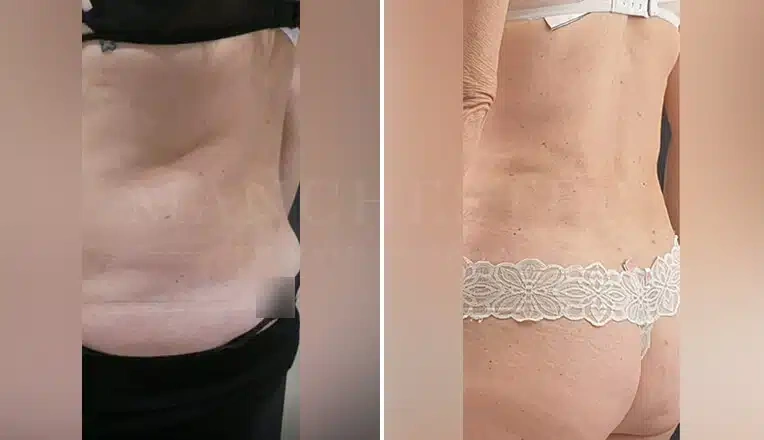 vaser-liposuction-before-and-after-6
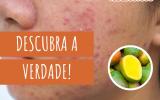 Manga causa acne? Faz mal comer à noite? Nutricionista tira todas as dúvidas sobre a fruta!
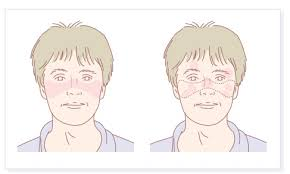 2025年1-12月干細(xì)胞治療系統(tǒng)性紅斑狼瘡匯總：多項(xiàng)臨床試驗(yàn)全面提速！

▸ **EXERCISE AIM**
Across the whole listing above, repeat each line exactly and leave out the images.

▸ **SOLUTION**
 vaser-liposuction-before-and-after-6
 Manga causa acne? Faz mal comer à noite? Nutricionista tira todas as dúvidas sobre a fruta!
 2025年1-12月干細(xì)胞治療系統(tǒng)性紅斑狼瘡匯總：多項(xiàng)臨床試驗(yàn)全面提速！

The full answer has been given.